* Exercise prompt:
Only an exact repetition of the lines from the one that holds "[artículo] C. R. I." to the end of the records is wanted.

* Provided data:
----
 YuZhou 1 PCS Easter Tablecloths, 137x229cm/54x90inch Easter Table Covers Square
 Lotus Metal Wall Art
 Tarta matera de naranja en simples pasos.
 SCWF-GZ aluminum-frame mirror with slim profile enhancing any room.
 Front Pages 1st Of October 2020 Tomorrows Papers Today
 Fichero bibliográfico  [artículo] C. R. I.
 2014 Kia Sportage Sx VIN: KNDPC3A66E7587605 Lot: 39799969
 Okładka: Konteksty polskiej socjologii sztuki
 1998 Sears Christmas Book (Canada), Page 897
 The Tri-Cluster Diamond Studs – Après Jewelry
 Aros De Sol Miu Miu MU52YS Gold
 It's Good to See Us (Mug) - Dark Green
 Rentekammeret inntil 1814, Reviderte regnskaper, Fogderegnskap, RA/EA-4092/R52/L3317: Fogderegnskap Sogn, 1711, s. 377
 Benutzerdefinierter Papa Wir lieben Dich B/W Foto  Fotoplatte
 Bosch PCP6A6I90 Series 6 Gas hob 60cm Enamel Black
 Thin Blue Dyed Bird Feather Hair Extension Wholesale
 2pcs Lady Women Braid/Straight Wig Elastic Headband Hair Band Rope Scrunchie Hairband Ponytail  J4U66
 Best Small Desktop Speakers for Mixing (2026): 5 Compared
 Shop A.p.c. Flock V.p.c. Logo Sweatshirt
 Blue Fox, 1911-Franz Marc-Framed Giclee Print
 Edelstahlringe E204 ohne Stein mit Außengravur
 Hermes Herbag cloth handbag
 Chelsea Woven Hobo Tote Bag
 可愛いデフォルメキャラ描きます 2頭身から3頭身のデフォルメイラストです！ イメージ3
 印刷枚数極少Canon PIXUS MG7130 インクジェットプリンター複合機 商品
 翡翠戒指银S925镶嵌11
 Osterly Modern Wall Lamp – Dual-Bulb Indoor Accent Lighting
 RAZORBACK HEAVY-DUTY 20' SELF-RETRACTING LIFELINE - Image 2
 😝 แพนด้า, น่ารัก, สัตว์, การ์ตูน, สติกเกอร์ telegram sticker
----
* Reply:
 Fichero bibliográfico  [artículo] C. R. I.
 2014 Kia Sportage Sx VIN: KNDPC3A66E7587605 Lot: 39799969
 Okładka: Konteksty polskiej socjologii sztuki
 1998 Sears Christmas Book (Canada), Page 897
 The Tri-Cluster Diamond Studs – Après Jewelry
 Aros De Sol Miu Miu MU52YS Gold
 It's Good to See Us (Mug) - Dark Green
 Rentekammeret inntil 1814, Reviderte regnskaper, Fogderegnskap, RA/EA-4092/R52/L3317: Fogderegnskap Sogn, 1711, s. 377
 Benutzerdefinierter Papa Wir lieben Dich B/W Foto  Fotoplatte
 Bosch PCP6A6I90 Series 6 Gas hob 60cm Enamel Black
 Thin Blue Dyed Bird Feather Hair Extension Wholesale
 2pcs Lady Women Braid/Straight Wig Elastic Headband Hair Band Rope Scrunchie Hairband Ponytail  J4U66
 Best Small Desktop Speakers for Mixing (2026): 5 Compared
 Shop A.p.c. Flock V.p.c. Logo Sweatshirt
 Blue Fox, 1911-Franz Marc-Framed Giclee Print
 Edelstahlringe E204 ohne Stein mit Außengravur
 Hermes Herbag cloth handbag
 Chelsea Woven Hobo Tote Bag
 可愛いデフォルメキャラ描きます 2頭身から3頭身のデフォルメイラストです！ イメージ3
 印刷枚数極少Canon PIXUS MG7130 インクジェットプリンター複合機 商品
 翡翠戒指银S925镶嵌11
 Osterly Modern Wall Lamp – Dual-Bulb Indoor Accent Lighting
 RAZORBACK HEAVY-DUTY 20' SELF-RETRACTING LIFELINE - Image 2
 😝 แพนด้า, น่ารัก, สัตว์, การ์ตูน, สติกเกอร์ telegram sticker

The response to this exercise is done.